I've had a fun couple of days. Saturday was Brian's birthday so I took him out for dinner at Beck’s. Latter we went for drinks at the workshop. Brian was in a real party mood, so we had 3 boilermakers (Pint of beer with a shot of whisky) in about 1 hour. The bartender cut us off. Luckily I didn't have a hangover Saturday morning.

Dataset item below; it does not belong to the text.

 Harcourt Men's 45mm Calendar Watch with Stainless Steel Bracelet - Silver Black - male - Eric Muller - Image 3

Saturday afternoon I went to a great BBQ at R&J's place. One of the guys there, JB, brought his two daughters. Now JB is an entomologist for the U.W. He raised his daughters to be unafraid of bugs and slugs. One of the girls started playing with a large brown slug. While it was sliding over her hand she would show it to anyone to try and gross him or her out. After a while she got bored of the slug and stopped playing with it. Of course her hand was still covered in slug slime. When she tried to wash her hands, the slime wouldn't come off! She and J scrubbed for 20 minutes. They used comet and a pot scrubber. It still wouldn't come off. JB told us this was the natural defense of the common brown slug. The slime also has anesthetic properties. When they are attacked; the attacker is all gummed up and goes numb.

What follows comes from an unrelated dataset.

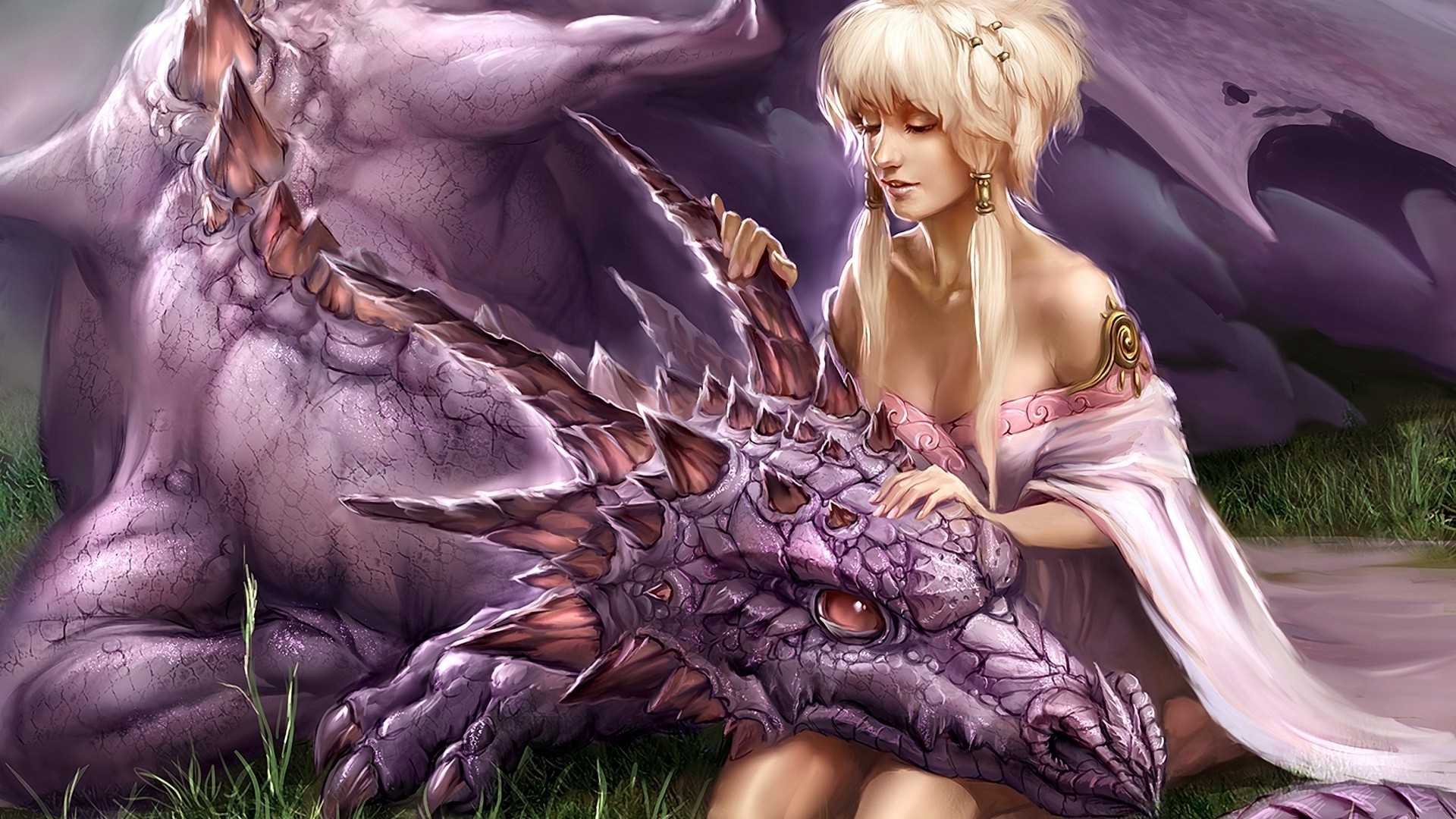 A beautiful woman with a powerful dragon wallpaper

JB said that once when he was teaching, to demonstrate the anesthetic properties of slug slime, he licked a brown slug for his students. His tongue went numb and he started talking weird.

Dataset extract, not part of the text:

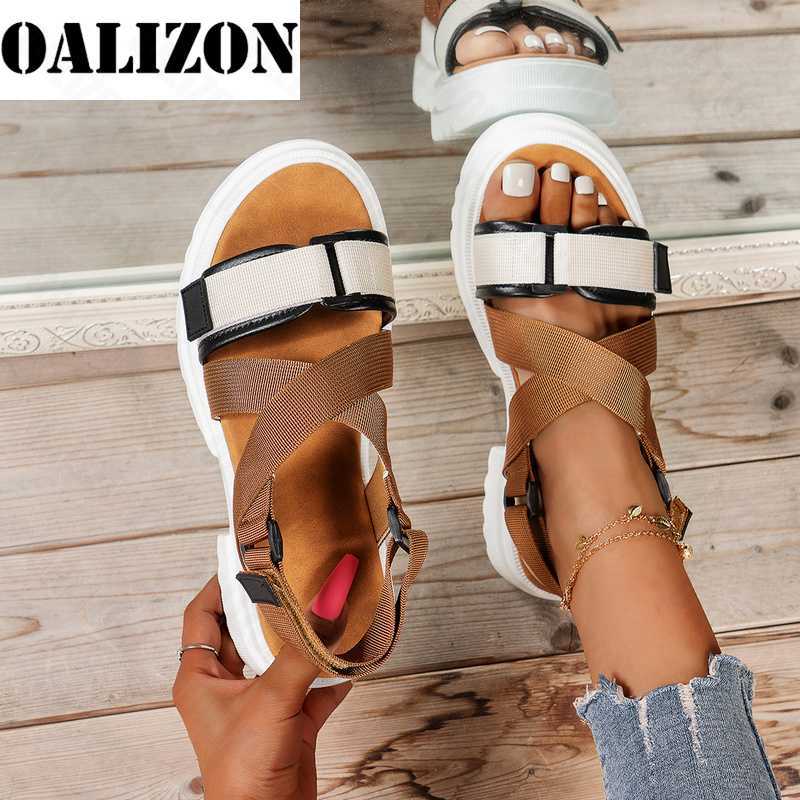 

Sandals Summer Women Flats Sandals 2022 New Fashion Sport Platform Casual Slippers Walking Running Ladies Shoes Slides Slingback Zapatos T221209, Brown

JB's two girls are 5&6. They latched on the Kam and kept trying to tickle him. Kam's ex, Margaret, told the girls about wet-willies and got the girls to try and give one to Kam. It was hilarious. Kam was a good sport about being harassed by the girls. I couldn't let an opportunity like that go by-- I pinned Kam down and let the girls give him a wet-willy.

Imagine being given a wet-willy by a girl whose fingers are covered in slug slim.

It was Kam's birthday. After the girls left we opened up Kam's presents. He got an inflatable love-cow, some really gross porn, a case bullets, and a teabag. Why? That's a very long story that Kam tells best.

B&M were there. M is pregnant and expecting any day now. They mentioned that every time M has an ultrasound the doctor or nurse makes a joke about how well endowed the baby is. They are not sure what to expect. They are ‘selling’ relationship status with the baby. For 5 diaper changes you can be called an uncle. For 50, you get to be the God Father. For 150 000, you get to name the baby.

We had a lot of good conversation-- most of it normal. But with R and Kam, normal isn’t good enough. So we had a long talk about bowel movements, why R is afraid of public restrooms and how Kam can pee in an Evian bottle while driving in a snowstorm. Another long story; one that they tell best.